I am currently trying out a CNN on a highly imbalanced image data-set. From what I read, oversampling seems to be a good approach in tackling imbalanced data, so I over-sampled my minority classes to match the single majority class.
For oversampling I duplicated the original images and slightly changed them using fastai’s recommended data augmentation techniques (so flips, rotates, zooms, etc.).
During training my train loss rapidly decreases - almost until 0 - while my validation loss and error rate decrease to a certain extent and then remain at the same level. It looks like the network is memorizing the training data, which it probably has an easy time doing considering the high amount of “repetitive” images it is seeing (i.e. loss of variance in my over-sampled classes).

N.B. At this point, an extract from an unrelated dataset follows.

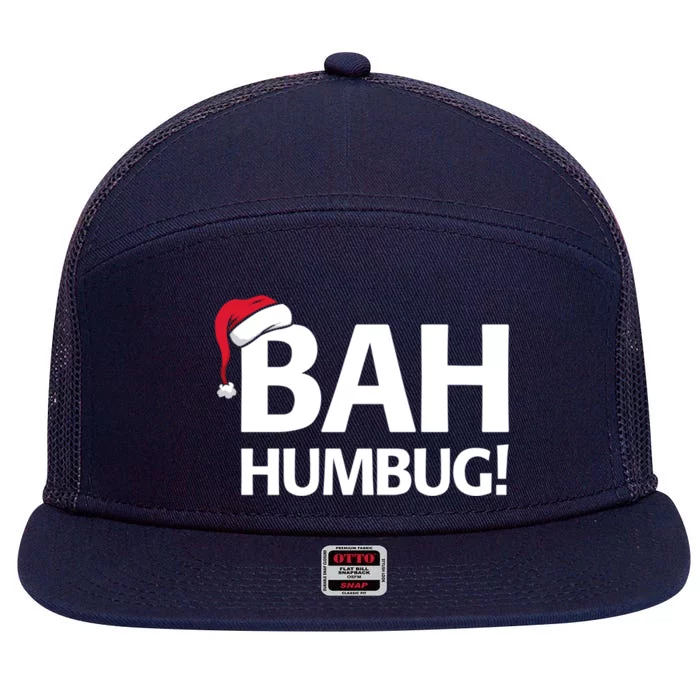 Bah Humbug Funny Santa Christmas Scrooge 7 Panel Mesh Trucker Snapback Hat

To combat the issues I have increased dropout in the last two layers, trying rates ranging from the default 0.25 & 0.5 up to 0.35 & 0.7. I also attempted to run the network with data that was over-sampled to a smaller extent, as well as a smaller CNN. The outcome was however similar.

Does anyone experience strong overfitting for oversampled data? And if so, was there a way around it? Or could I be overlooking something in my approach?

How did you split the data into training and validation set?

I split the data into a 80:20 train:validation set. But I only oversampled the training data and left the test set untouched.

You only used training and validation (split into 2 sets), or training, validation, and test (split in 3 sets)?

Further, did you make sure that each subset is balanced?

Oh yea sorry, I also have a test set which is however quite small. Initially, the splits are representative of the class imbalance of the overall dataset, so train, validation and test sets still have class imbalance. For training I am removing the imbalance in the training set by oversampling. I leave validation and test sets untouched.

When I started initially I also balanced the validation set by oversampling with similar results. Should the validation set be balanced as well?

I think all sets should be balanced to guarantee a non distorted result. If you take care that all sets are balanced, you at least can exclude the influence of this.

Maybe you should manually select validation and test set to be balanced and then oversample the remaining test set. The new results may indicate the further road to take.